The next question that comes up is how we know that those 27 books weren’t changed (either accidentally or on purpose) over the last 2000 years. This is where it pays to be honest, because the answer is: yes, there were changes made either accidentally or on purpose at times in some copies of some books. However, those changes were small, insignificant, and were localized. The 27 books of the New Testament were so widely disseminated by the early church that if something was changed it only effected a minority of copies. Because we have so many old copies of the New Testament, we can identify unoriginal material because it is not found in all the copies. So yes, there were changes made and we know exactly what they were, and most modern translations clearly denote these discrepancies.
More importantly, any discrepancies do not affect the overall message of the New Testament. They are minor changes, and it can usually be explained as to how and why they happened. Interestingly, the presence of these minor variations in some copies is actual beneficial. They prove that the copying of the New Testament wasn’t a centralized process that could be controlled and therefore manipulated. The transmission and preservation of the New Testament was an independent decentralized effort that while it allowed minor copying errors and a few instances of purposeful changes to enter into a minority of copies, it also ensured that the majority of the message and the text was unadulterated and preserved.
These minor variations are one of the best arguments for the accuracy of the New Testament. If we can identify these changes, then we can also identify that most of the New Testament text hasn’t been changed. Overall, if the New Testament was transmitted the way we believe it was, then the copies we have are exactly what we would expect to see, and the sheer number of copies allow us to identify and track any changes that were introduced.
This is a good point in the conversation to introduce the Dead Sea Scrolls. These copies (and fragments) of Old Testament books were left in a cave around the time the New Testament books were being written and weren’t discovered until 1947. When the text of these copies was compared to modern copies of the Old Testament, they showed an overall consistency and only minor, inconsequential variations, which is exactly what you would expect to see if the Old Testament had been faithfully preserved and transmitted over the last 2000 years. The Dead Sea Scrolls prove that first century texts can and have been faithfully transmitted over 2000 years, and the known minor variations in the New Testament prove that there was not a central entity making major changes in the overall message and text.
At this point, I tell people that the only reason not to accept the New Testament as an accurate historical record by the purported original authors is that it contains supernatural events which modern audiences find unbelievable. If judged by the standard of all other historical records, the New Testament has far greater support for its accuracy. Therefore, the best explanation is that the authors of the New Testament really believed in what they were writing and that we have an accurate record of what they wrote and believed to be true. The only legitimate question is whether we accept the New Testament as inspired and true, not whether or not the original authors wrote it.
The Old Testament
Again, honesty is important.
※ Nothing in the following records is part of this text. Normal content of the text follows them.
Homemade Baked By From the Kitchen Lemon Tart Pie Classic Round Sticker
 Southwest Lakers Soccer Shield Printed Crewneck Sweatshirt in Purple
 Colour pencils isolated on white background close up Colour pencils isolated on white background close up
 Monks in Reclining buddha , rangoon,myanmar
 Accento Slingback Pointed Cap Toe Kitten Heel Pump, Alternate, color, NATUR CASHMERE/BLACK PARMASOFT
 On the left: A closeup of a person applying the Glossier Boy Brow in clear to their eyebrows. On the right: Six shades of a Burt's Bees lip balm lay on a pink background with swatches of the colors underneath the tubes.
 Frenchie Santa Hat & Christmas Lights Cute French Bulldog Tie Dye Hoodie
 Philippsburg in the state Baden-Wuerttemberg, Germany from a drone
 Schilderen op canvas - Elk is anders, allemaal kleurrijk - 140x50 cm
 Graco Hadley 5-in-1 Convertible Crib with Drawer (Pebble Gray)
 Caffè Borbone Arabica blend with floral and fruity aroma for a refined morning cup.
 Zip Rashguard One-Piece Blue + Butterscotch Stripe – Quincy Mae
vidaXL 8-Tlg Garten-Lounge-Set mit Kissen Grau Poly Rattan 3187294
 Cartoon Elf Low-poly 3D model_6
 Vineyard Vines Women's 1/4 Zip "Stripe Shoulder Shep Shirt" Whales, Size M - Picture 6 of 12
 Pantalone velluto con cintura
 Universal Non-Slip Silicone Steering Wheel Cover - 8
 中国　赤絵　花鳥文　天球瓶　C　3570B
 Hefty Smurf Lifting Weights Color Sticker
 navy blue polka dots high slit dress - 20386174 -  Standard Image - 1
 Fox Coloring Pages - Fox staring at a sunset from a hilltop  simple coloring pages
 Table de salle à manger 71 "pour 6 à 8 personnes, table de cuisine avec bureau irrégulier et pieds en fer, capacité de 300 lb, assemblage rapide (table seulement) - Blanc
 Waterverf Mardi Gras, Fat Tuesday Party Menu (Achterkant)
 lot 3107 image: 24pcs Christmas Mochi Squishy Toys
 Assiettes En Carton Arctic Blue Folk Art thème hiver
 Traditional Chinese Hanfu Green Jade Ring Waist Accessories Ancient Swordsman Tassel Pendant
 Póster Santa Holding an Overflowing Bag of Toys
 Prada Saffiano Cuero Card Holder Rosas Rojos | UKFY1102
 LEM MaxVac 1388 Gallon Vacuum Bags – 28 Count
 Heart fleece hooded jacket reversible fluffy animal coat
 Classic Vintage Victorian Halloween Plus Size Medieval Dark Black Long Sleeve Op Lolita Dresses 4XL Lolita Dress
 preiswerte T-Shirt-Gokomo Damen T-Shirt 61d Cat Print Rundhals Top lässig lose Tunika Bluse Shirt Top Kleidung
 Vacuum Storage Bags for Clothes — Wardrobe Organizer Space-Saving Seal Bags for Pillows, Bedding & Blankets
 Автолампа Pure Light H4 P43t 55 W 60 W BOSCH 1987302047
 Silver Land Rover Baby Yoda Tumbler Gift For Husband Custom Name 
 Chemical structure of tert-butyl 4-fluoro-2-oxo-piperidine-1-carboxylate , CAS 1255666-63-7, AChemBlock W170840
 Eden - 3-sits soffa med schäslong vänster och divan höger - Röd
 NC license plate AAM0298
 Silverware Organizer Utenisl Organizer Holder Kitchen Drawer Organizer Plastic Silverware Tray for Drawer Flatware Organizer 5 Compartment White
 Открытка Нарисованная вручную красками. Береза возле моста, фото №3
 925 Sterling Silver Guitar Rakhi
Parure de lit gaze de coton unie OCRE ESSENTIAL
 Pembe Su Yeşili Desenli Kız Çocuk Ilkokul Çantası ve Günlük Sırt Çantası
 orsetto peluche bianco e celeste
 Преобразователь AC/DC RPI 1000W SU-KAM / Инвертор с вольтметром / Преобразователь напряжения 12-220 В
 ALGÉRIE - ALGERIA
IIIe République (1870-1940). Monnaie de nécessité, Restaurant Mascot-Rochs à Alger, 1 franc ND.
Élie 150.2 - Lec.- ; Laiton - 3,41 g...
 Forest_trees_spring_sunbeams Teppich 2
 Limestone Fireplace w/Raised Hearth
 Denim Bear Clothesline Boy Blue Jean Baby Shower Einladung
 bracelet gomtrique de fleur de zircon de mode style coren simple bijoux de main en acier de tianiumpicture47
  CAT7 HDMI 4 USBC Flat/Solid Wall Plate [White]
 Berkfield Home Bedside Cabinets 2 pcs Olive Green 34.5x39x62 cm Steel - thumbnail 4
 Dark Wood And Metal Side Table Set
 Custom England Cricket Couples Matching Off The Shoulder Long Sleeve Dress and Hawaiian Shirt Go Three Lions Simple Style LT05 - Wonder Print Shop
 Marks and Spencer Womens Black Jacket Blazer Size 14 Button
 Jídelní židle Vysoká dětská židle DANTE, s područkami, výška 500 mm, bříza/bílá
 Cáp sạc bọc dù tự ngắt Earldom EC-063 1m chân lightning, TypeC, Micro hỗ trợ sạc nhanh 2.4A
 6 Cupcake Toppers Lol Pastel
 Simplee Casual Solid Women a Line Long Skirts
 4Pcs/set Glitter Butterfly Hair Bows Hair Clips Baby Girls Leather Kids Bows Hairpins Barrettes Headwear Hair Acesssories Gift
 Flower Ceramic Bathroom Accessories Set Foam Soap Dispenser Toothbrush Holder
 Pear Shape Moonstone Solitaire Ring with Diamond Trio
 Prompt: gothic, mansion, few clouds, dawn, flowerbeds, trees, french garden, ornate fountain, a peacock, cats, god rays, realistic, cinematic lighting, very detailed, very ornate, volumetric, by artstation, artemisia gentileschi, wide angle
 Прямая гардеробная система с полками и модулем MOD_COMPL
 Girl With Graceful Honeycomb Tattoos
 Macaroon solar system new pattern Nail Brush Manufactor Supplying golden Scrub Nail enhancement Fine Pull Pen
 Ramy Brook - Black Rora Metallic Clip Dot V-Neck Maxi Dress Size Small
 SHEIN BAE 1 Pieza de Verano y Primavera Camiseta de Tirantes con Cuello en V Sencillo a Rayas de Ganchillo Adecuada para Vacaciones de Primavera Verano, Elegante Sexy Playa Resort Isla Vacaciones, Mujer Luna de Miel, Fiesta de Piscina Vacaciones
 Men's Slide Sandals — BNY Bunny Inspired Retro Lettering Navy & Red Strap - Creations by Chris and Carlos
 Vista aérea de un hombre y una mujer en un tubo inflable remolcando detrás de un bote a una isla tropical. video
I admit that we do not have the same written historical record to back up the Old Testament that we have to back up the New Testament. The oldest books of the Old Testament were possibly written around 1450 BC and even though the Dead Sea Scrolls demonstrated that ancient documents can be preserved faithfully for longer than that amount of time, there is a great amount of debate over when the books of the Old Testament were written and if they have been edited.
However, my belief in the inerrancy and inspiration of the Old Testament depends primarily on my acceptance of the inerrancy and inspiration of the New Testament. Both 2 Timothy 3:15-17 and 1 Peter 1:19-21, which I quoted earlier, referred specifically to the Old Testament. Jesus taught the inspiration and inerrancy of the Old Testament in Matthew 5:17-19 and Luke 16:16-19.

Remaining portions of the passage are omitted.